Ganz genau wird darin das erwünschte Drumset umrissen, vor
allem aber alles Ungeeignete aufgelistet, mit der Quintessenz: „Wenn
ein nagelneues Rockschlagzeug und ein altes Jazz-Drumset zur Auswahl
stehen, bevorzugen wir immer Letzteres. Das soll nicht arrogant
sein, wir wollen das nur von vornherein regeln, weil wir schon
so viele Scherereien hatten“, erzählt Bandleader Nils
Wogram.
Interessante neue Stimme
am Posaunenhimmel: Nils Wogram. Foto: Wohlrab
Ungewöhnlich ist einiges bei „Root 70“, dem mit
dem Altsaxophonisten Hayden Chisholm, dem Drummer Jochen Rückert
und dem Bassisten Matt Penman besetzten Quartett des Posaunisten
Wogram, das sich vor etwa vier Jahren an der Kölner Musikhochschule
zusammen fand. Zum Beispiel, dass man bei der aktuellen Tournee,
die in Deutschland am 16. Februar im Nightclub des Bayerischen
Hofes München anlief, in Sälen bis zu 200 Personen unplugged
auftritt. Das kann man nicht mehr oft erleben und es kommt dem
filigranen Sound der Truppe sehr entgegen.

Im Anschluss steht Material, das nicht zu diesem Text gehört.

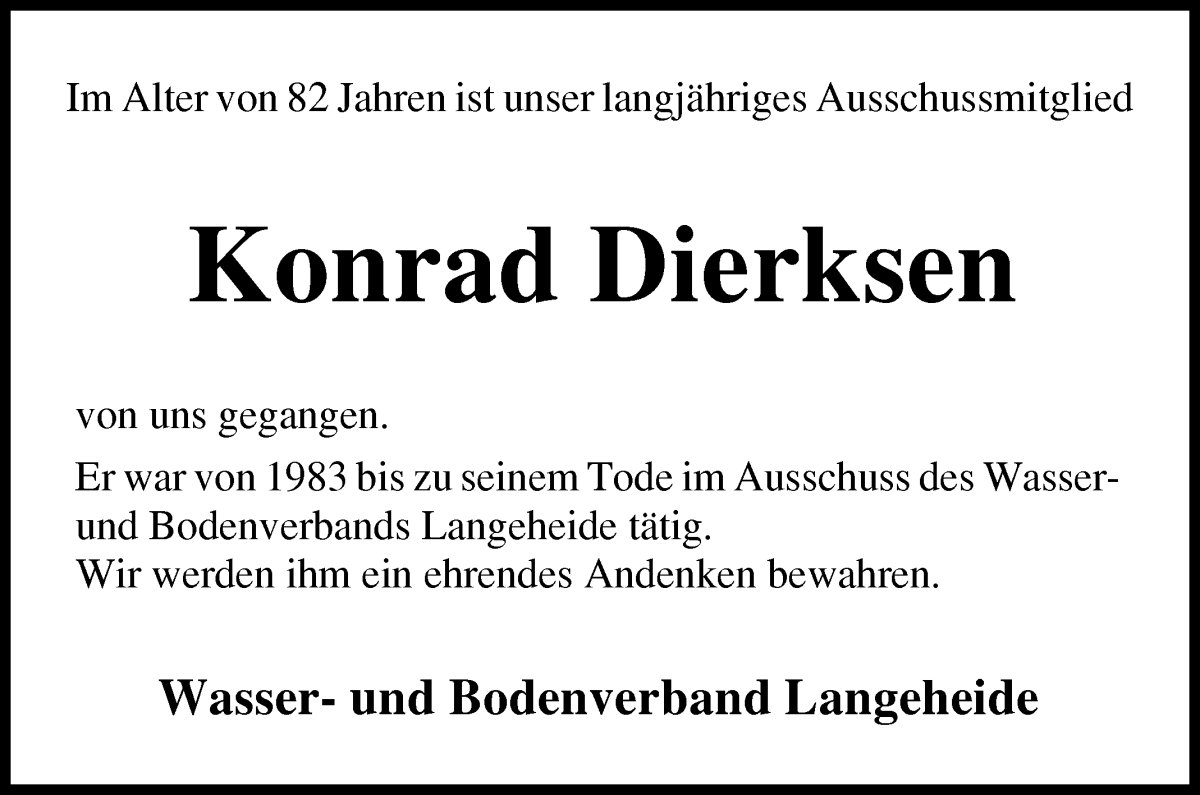 Traueranzeige von Konrad Dierksen von Osterholzer Kreisblatt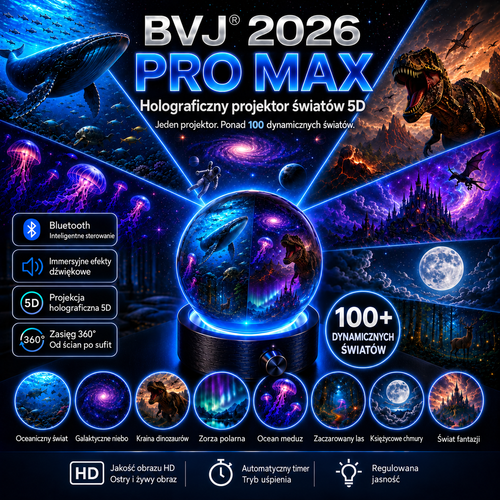Inteligentny projektor BVJ® 2026 PRO MAX 5D – światy w zasięgu ręki 🌎 Stwórz ponad 100 immersyjnych światów dzięki sterowaniu przez Bluetooth i efektom dźwiękowym
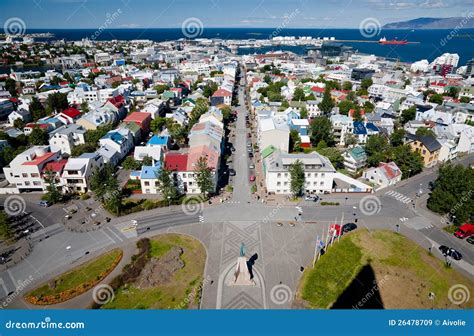 Aerial View Of Reykjavik Iceland Stock Image Image Of Aerial Nordic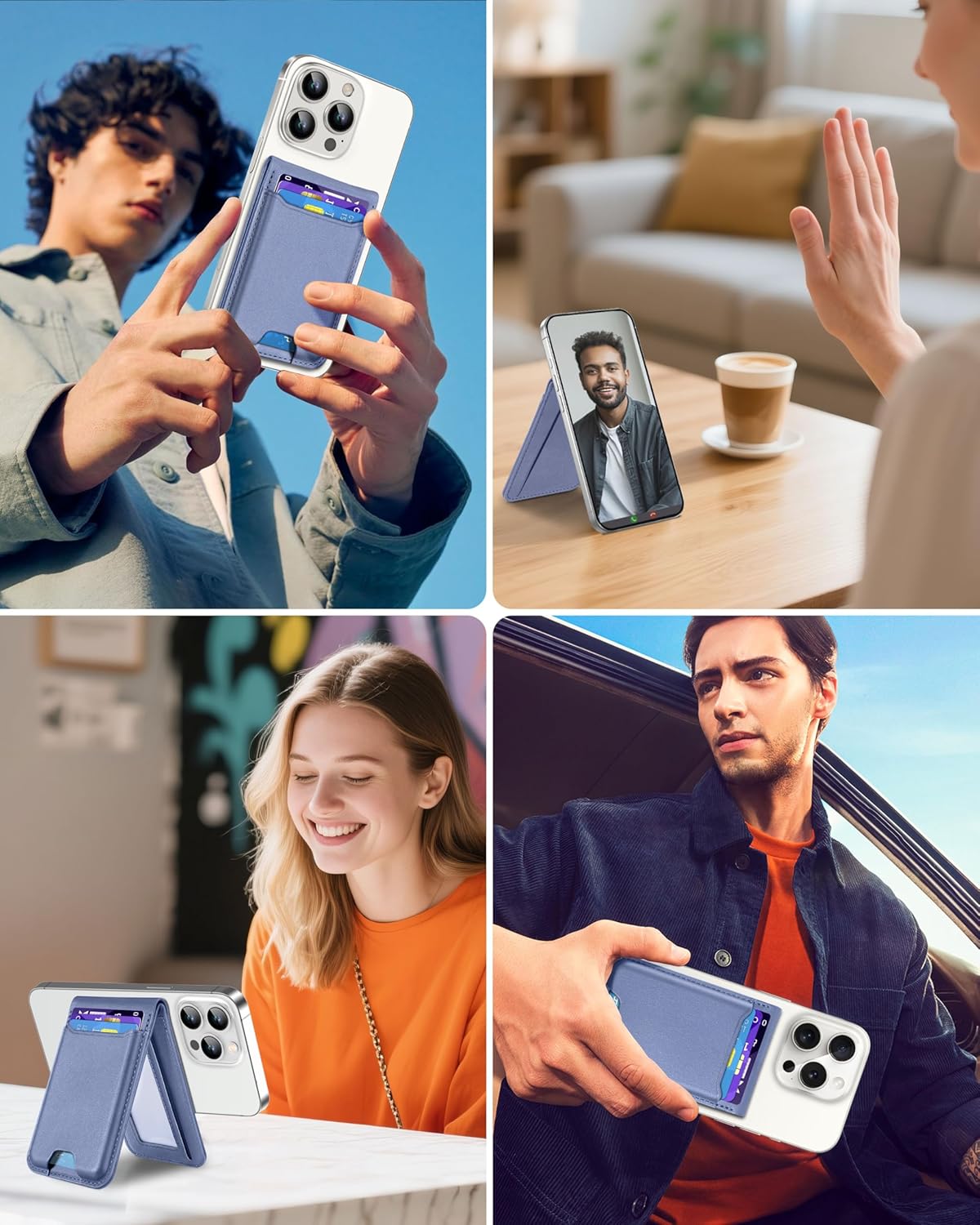 for Magsafe Wallet Stand, Strong Magnetic Wallet for iPhone 17/16/15/14/13/12 Series, Magnetic Card Holder, ID Window, 6 Cards Holder, Vegan Leather, RFID Blocking, Lavender Purple - Image 8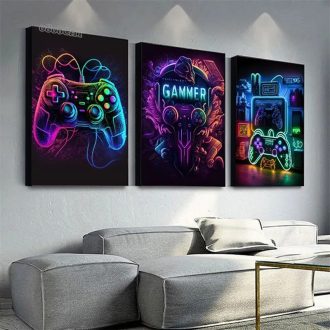 Kit quadros decorativos 3 peças tema hora do jogo video game controles para parede quarto sala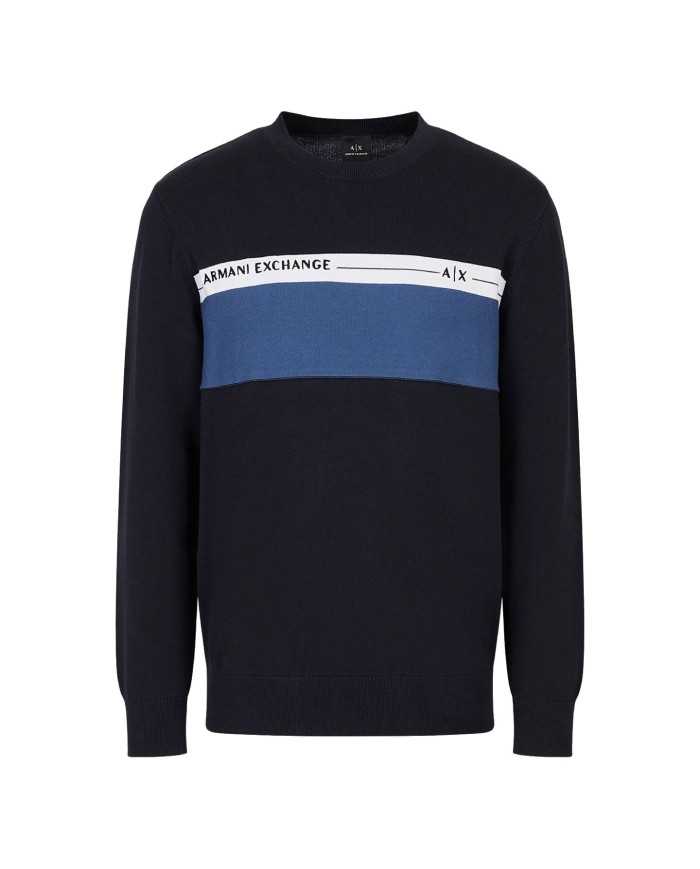 ARMANI EXCHANGE Maglia Uomo 3RZM1C ZMQ7Z P-EM cotone con inserto a ...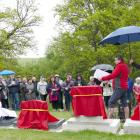 Adrienne Shaw, the organiser of the Descendants of the Chinese Camp Reunion, addresses attendees...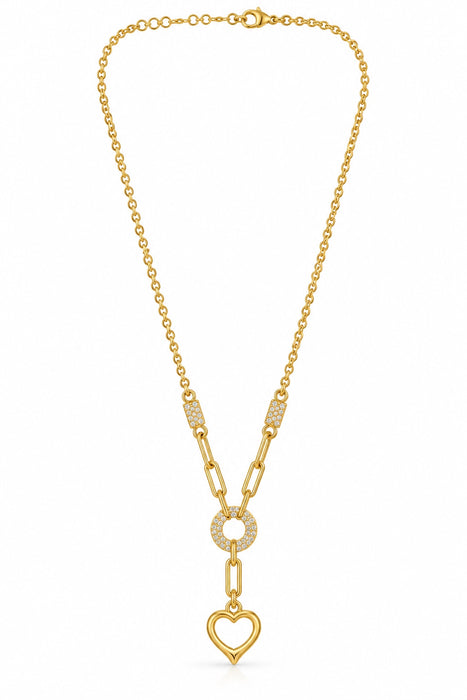 21 Karat Goldkette mit Herzanhänger und funkelnden Details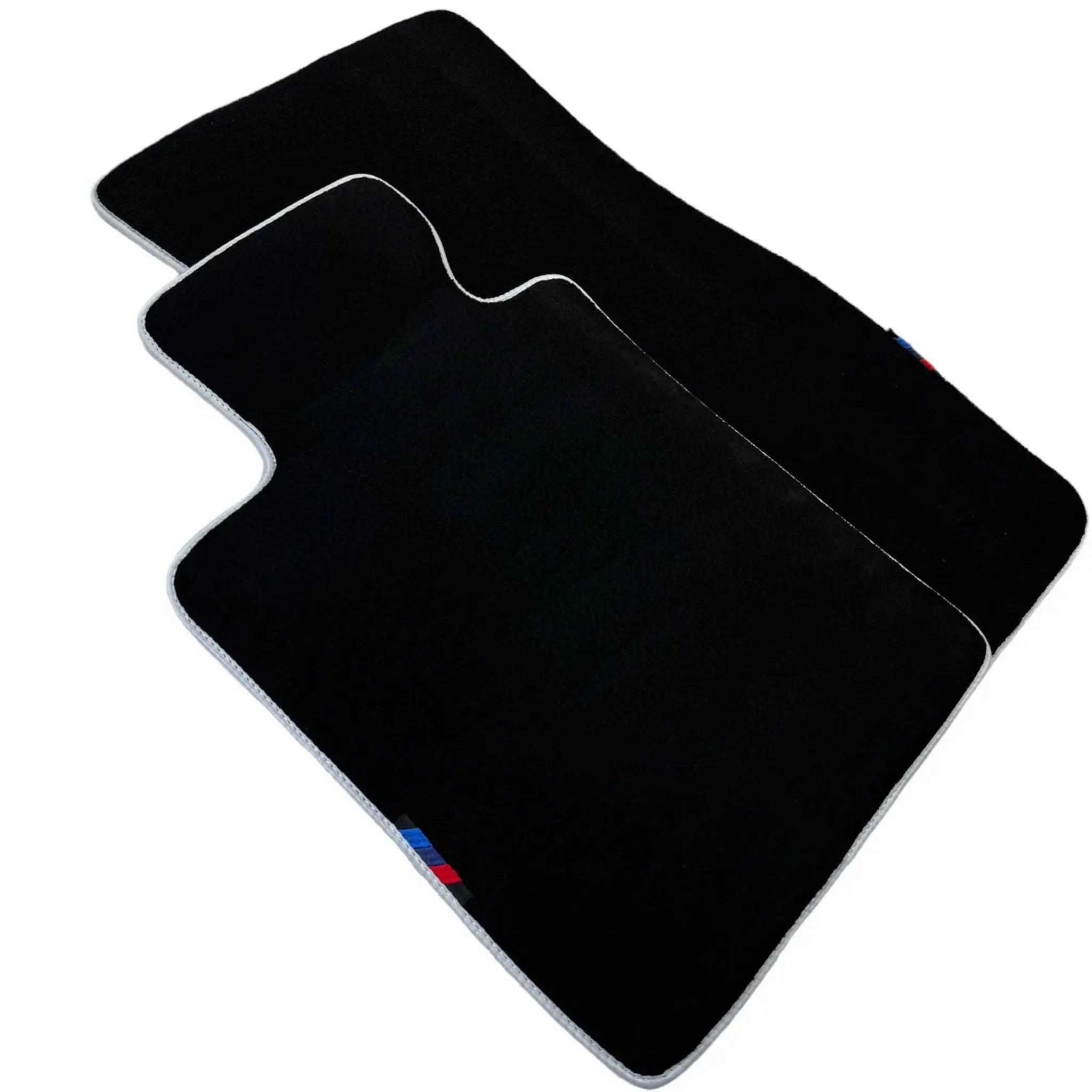 Black Mats For BMW 6 Series E64 Convertible | White Trim - AutoWin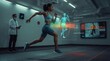 © Sara - Athlete Running on a treadmill with futuristic augmented reality analysis in a high tech lab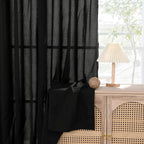 YoungsTex Short Black Linen Semi Sheer Curtains 45 Inch Length 2 Panels | Light - Image 6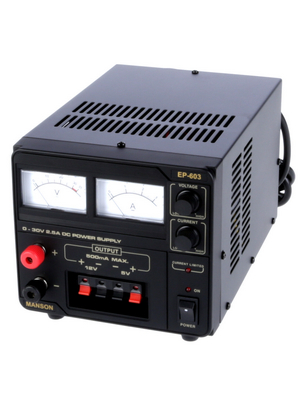 Manson - EP-603 CH - Laboratory Power Supply 3 Ch. 0...30 VDC 2.5 A / 5 VDC 0.5 A / 12 VDC 0.5 A, EP-603 CH, Manson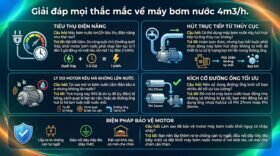 Giải đáp mọi thắc mắc về máy bơm nước 4m3/h.
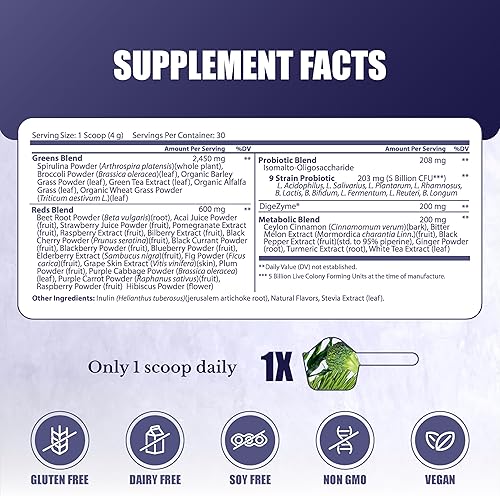 Miniatura 4 de Greens Superfood Powder - Suplemento en polvo verde con espirulina, probióticos y enzimas digestivas - 44 superalimentos, energía, apoyo metabólico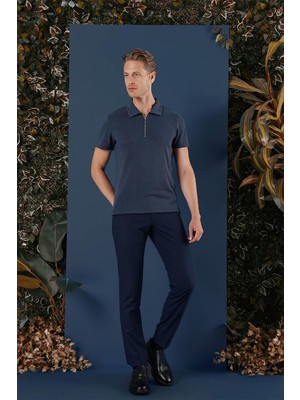 Efor Erkek Slim Fit Pamuklu Fermuarlı Polo Yaka İndigo Tişört Ts 871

Neue Bescheidenheit könnte man das programmatisch benennen,
was Wogram und die Seinen da im Nightclub vorstellten. Zwar ist
bei Root 70 jedes Experiment erlaubt und die gesamte Musikgeschichte
der Steinbruch für die eigenen Klanggebilde, doch fast möchte
man Verbotsschilder auf den Notenständern vermuten, die ein
Zuviel, ein Überspielen und jede Form von Redundanz unter
Strafe stellen. Stellvertretend dafür steht das feingliedrige,
ganz auf das Wesentliche reduzierte Schlagzeug des perfektionistischen
Tüftlers Jochen Rückert. Das übliche Drummer-Muskelspiel
sucht man bei ihm vergeblich.
Kraftmeiereien blieben den beiden Bläsern vorbehalten. Doch
ob Wogram mit Growls und Dämpfer Ellingtoneske Jungle Music
vorgab, ob er Ethno-Anklänge, Minimal Music, Blues oder Soundspielereien
mit Harmonika und Obertongesang einbaute – nie wurde der
melodische Fluss erdrückt. So gelingt dem Quartett ein echtes
Kunststück: Gefällig zu bleiben, obwohl die Stücke
vor ungeraden Metren, fiesen Rhythmuswechseln und avantgardistischen
Sounds nur so strotzen. Auch als Komponist und Bandleader setzt
Nils Wogram damit ein unüberhörbares Signal der mittleren,
nachdrängenden Generation, nachdem er spätestens seit
seiner Zusammenarbeit mit Aki Takase und Simon Nabatov bereits
als interessanteste neue Posaunenstimme der deutschen Szene gilt
und manche in ihm schon den legitimen Nachfolger von Albert Mangelsdorff
sehen. Nils Wogram und sein Quartett wissen nicht nur genau, was
sie wollen, sie wissen auch, wie sie es erreichen können.